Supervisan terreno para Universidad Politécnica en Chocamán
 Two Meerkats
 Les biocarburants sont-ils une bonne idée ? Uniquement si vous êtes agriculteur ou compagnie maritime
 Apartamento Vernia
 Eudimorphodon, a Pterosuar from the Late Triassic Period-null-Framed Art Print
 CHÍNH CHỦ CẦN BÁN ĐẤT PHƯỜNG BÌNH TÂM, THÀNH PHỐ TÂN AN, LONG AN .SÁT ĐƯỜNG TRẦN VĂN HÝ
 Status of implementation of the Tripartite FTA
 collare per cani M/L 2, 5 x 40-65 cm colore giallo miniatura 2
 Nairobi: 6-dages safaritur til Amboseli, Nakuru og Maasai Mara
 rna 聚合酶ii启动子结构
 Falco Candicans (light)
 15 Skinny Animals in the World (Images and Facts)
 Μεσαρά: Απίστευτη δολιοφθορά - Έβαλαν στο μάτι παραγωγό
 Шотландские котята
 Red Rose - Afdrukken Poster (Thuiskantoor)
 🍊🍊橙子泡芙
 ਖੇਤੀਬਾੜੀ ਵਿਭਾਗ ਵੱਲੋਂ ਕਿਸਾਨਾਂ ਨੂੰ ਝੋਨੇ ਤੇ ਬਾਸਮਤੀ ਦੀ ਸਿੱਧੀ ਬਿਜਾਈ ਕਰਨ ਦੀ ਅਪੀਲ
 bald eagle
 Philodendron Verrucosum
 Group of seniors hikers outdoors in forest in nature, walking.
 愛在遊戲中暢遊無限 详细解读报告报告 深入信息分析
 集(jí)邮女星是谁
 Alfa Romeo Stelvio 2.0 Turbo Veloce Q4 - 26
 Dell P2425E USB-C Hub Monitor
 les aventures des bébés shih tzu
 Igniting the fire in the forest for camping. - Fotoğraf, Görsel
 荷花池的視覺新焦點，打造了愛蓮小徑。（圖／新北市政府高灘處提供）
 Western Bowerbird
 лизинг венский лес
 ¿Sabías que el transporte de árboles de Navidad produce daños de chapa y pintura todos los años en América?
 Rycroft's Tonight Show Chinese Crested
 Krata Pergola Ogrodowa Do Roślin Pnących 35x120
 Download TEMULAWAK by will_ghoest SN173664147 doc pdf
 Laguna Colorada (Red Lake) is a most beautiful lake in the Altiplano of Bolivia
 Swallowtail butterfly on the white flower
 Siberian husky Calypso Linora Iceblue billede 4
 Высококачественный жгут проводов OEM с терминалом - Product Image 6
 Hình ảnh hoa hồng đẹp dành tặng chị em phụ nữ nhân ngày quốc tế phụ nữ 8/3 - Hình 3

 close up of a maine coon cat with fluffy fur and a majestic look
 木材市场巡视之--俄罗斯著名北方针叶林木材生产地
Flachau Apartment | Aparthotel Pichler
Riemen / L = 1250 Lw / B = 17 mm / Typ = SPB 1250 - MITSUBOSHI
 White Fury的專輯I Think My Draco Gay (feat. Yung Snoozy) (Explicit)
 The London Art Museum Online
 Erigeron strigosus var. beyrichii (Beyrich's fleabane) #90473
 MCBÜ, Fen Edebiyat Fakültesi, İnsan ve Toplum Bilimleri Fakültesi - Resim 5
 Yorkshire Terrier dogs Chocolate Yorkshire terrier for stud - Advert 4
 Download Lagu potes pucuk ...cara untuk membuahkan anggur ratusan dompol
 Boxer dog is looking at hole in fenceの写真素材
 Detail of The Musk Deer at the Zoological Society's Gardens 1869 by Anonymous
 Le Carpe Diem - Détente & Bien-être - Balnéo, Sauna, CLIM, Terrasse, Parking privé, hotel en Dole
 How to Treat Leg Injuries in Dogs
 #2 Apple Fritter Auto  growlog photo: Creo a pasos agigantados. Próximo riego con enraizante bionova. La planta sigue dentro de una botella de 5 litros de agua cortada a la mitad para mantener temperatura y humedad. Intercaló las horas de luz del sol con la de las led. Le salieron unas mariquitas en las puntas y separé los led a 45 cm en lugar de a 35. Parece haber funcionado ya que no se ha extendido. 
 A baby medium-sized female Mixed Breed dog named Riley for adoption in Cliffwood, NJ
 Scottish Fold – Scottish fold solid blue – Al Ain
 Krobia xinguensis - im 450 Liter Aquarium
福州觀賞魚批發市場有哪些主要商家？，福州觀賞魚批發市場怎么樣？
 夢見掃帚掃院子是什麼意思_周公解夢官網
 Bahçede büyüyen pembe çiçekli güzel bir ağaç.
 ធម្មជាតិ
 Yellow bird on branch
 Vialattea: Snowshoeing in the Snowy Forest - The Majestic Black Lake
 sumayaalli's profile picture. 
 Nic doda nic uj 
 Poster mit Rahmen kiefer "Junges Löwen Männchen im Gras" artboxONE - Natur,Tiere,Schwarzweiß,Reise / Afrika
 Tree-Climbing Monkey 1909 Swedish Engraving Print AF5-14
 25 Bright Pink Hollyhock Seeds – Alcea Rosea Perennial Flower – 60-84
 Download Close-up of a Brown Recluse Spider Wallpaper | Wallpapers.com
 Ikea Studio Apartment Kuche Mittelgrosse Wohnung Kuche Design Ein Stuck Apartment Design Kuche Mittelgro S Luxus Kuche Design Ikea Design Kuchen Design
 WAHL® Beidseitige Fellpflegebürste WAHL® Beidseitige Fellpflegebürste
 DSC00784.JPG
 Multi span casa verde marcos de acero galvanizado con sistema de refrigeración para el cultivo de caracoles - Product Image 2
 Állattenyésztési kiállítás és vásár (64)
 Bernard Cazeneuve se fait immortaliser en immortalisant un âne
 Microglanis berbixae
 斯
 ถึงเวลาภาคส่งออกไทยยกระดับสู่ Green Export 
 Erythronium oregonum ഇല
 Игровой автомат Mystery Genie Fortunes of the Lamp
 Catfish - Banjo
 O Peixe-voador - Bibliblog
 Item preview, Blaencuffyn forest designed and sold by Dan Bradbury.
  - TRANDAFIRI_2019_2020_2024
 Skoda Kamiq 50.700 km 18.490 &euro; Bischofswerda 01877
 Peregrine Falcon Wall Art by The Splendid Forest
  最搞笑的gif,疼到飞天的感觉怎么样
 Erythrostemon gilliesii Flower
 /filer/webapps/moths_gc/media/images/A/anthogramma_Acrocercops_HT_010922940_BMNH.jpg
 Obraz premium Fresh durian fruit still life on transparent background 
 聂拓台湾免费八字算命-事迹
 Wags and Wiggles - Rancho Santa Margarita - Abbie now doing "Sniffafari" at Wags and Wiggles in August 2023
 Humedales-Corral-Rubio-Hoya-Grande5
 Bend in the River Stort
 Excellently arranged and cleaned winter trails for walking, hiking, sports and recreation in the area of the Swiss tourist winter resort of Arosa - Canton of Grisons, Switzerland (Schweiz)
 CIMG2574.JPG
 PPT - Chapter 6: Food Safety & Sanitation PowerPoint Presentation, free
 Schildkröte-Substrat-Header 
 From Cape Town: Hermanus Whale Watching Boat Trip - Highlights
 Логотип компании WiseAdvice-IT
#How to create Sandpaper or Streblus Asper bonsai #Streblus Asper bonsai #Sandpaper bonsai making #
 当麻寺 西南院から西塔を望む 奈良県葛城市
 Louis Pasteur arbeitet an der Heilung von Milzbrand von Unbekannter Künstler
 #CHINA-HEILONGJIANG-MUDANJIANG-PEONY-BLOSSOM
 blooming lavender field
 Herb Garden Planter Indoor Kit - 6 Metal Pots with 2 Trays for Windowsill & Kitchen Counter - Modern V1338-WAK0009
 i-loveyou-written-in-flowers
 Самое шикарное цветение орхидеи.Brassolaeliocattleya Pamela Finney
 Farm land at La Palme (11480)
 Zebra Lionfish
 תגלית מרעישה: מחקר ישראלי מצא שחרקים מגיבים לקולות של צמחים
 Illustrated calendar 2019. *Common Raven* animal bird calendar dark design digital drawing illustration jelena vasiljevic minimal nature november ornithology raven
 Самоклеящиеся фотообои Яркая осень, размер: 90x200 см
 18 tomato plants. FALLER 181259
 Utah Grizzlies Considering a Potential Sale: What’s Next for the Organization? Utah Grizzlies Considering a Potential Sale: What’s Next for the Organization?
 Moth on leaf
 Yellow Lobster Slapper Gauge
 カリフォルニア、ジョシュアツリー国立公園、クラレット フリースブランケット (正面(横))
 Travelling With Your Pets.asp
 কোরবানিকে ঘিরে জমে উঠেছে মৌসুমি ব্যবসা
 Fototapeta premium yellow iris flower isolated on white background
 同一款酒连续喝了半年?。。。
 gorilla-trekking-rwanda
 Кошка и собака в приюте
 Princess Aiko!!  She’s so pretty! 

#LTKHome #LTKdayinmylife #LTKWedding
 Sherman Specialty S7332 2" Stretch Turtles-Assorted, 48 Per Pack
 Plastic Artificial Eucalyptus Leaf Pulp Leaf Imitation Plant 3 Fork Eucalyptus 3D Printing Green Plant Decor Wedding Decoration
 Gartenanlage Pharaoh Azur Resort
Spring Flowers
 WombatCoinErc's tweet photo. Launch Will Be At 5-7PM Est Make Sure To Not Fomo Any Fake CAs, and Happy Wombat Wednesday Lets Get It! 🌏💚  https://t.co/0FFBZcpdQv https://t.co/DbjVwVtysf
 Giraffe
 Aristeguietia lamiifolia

● ● ●

• TASK GOAL: Your answer should be a single number: how many lines in the listing above contain "Download"?

• EXERCISE ANSWER: 3